(Short web captions)
++++++++++

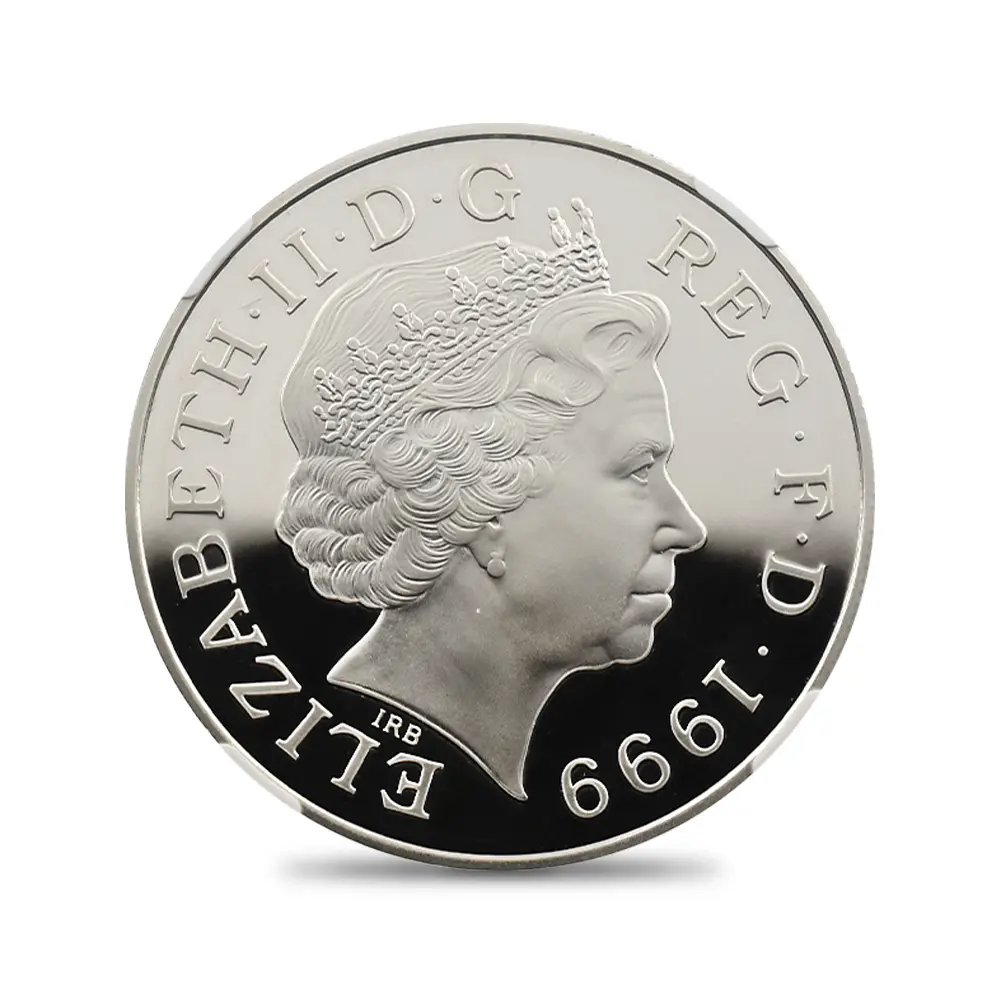 モダンコイン3：6567 1999 エリザベス2世 ダイアナ妃追悼記念 5ポンド銀貨 NGC PF69UC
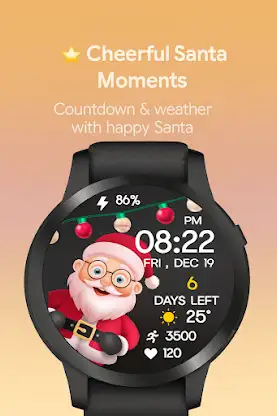 Xmas Weather Countdown Watch screenshot 8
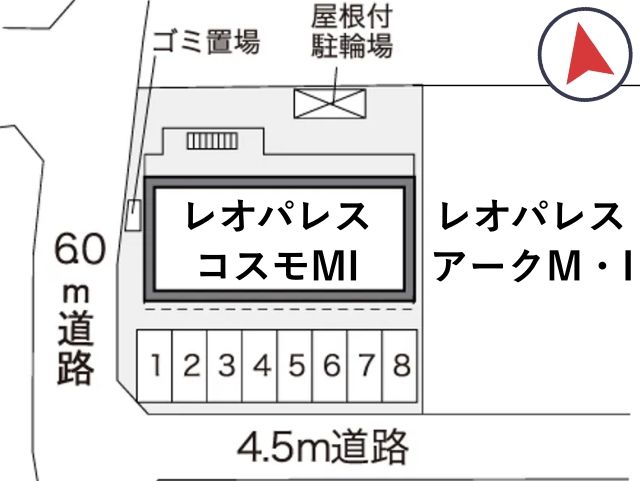 レオパレスコスモMI駐車場【41702】の駐車場写真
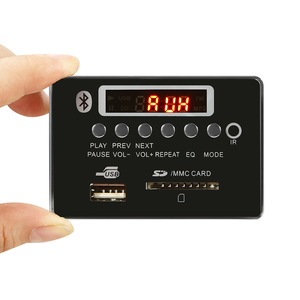 BLE 5.0 MP3 dekoder çözme devre kartı modülü 12v araba USB MP3 çalar WMA WAV TF kart yuvası/USB/FM uzaktan devre kartı modülü - Product Image 4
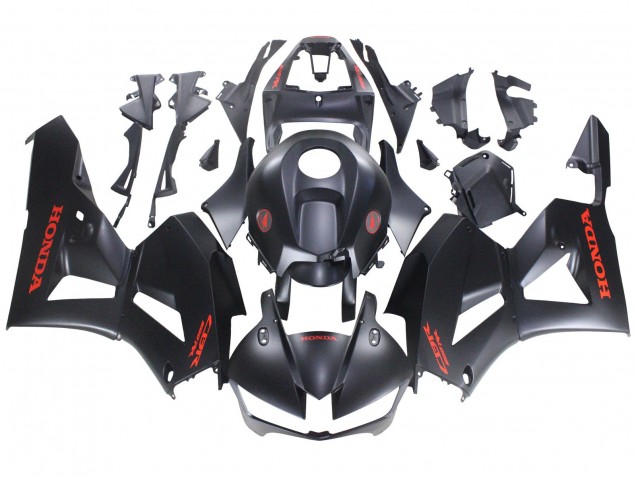 Migliori Carena Moto Honda CBR600RR 2013-2023 - Nero Opaco Rosso Decals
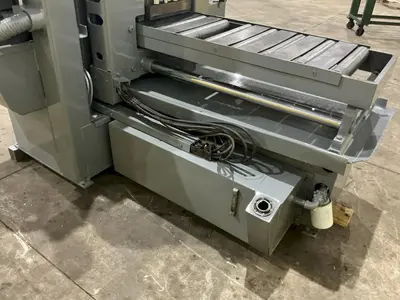 12" X 12" HYD-MECH MODEL #H-12A AUTOMATIC FEED HORIZONTAL SAW PLC-100 CONTROLS & NESTING: STOCK #23723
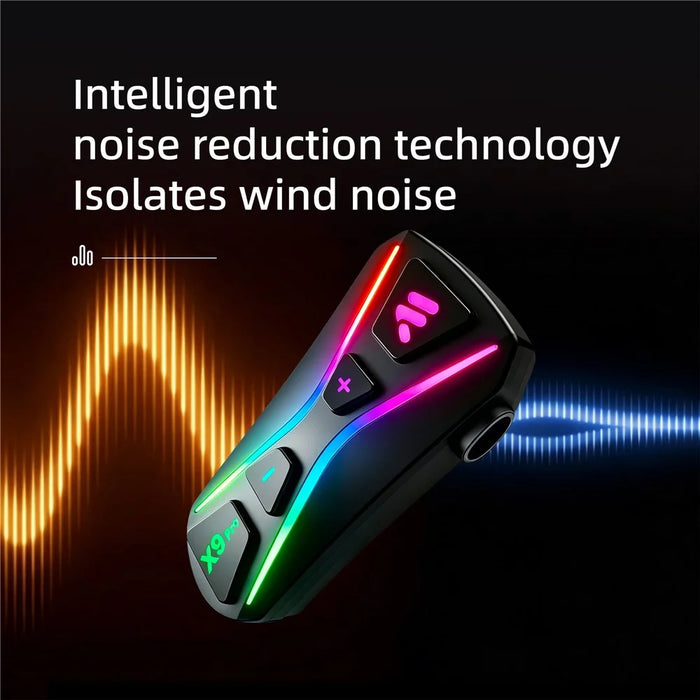 X9 Pro IPX6 Waterproof Helmet Bluetooth-compatible Earphones Wireless Motorcycle Riding Intercom Headset with Hard Mic - 7
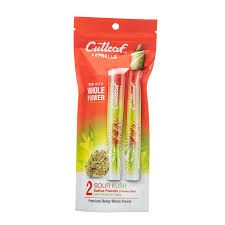 Cutleaf Premium Hemp CBD 2g Pre-Rolls 2pk, Strain: Sour Kush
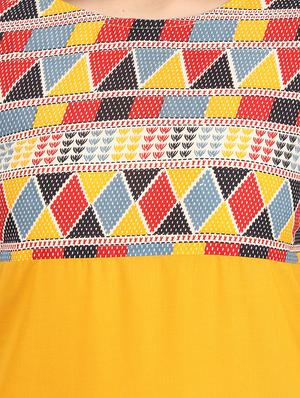 yellow cotton straight kurta - 12149699 - Standard Image - 4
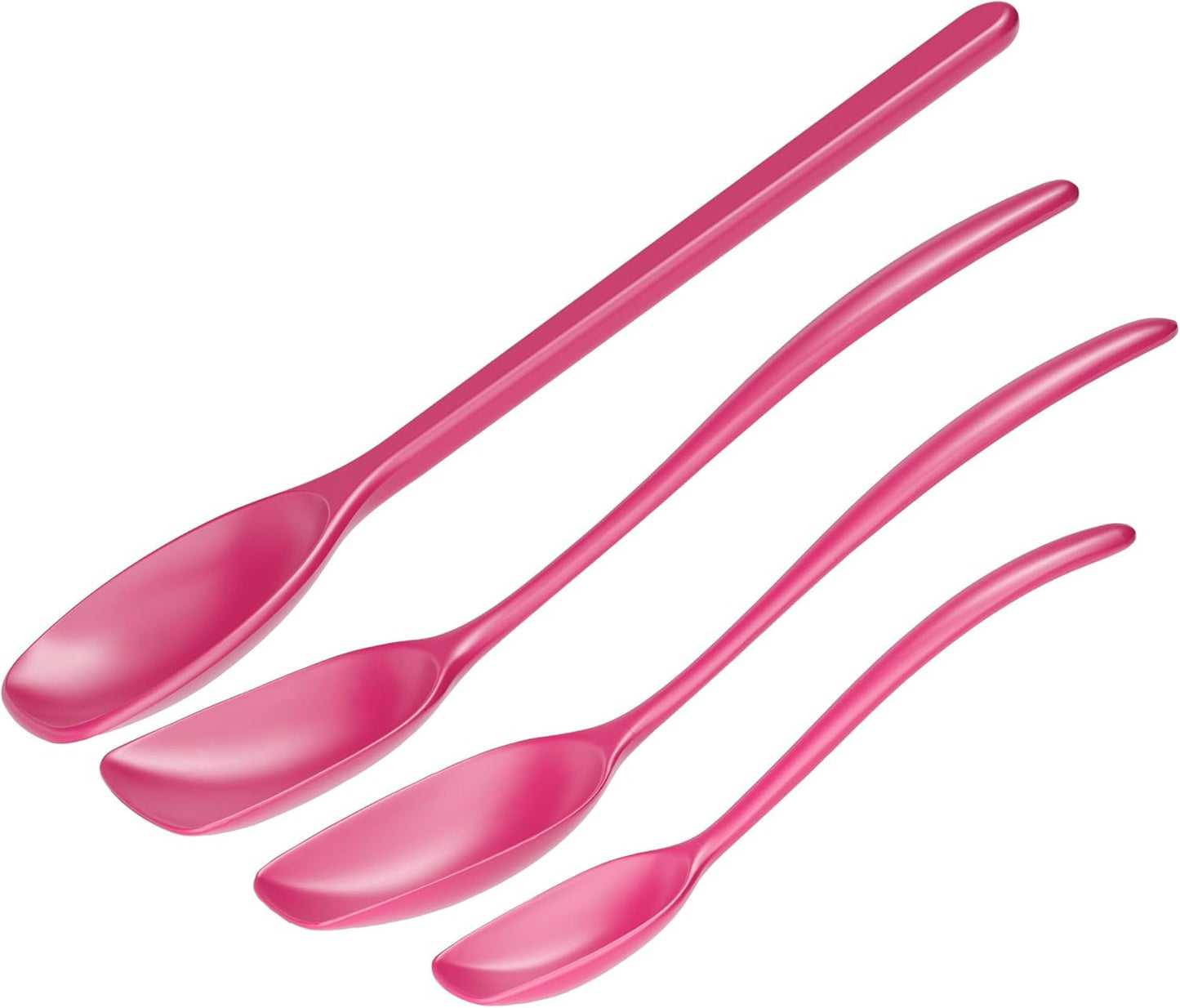 Classic 4-teiliges Kochlöffel-Set , hitzebeständig, Beetroot One Size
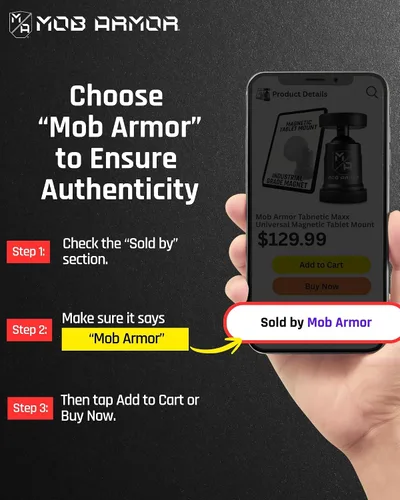 Miniatura 6 de Mob Armor Tabnetic Maxx - Soporte magnético universal para tableta, para camiones, automóviles, caravanas, equipo pesado, montaje adhesivo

++++++++++

#### WORK ITEM
Exclude all pictures and reproduce verbatim the lines running from the line that contains "yellow cotton straight" to the end of the data above, both ends included.

#### EXERCISE ANSWER
 yellow cotton straight kurta - 12149699 - Standard Image - 4
 Classic 4-teiliges Kochlöffel-Set , hitzebeständig, Beetroot One Size
 Miniatura 6 de Mob Armor Tabnetic Maxx - Soporte magnético universal para tableta, para camiones, automóviles, caravanas, equipo pesado, montaje adhesivo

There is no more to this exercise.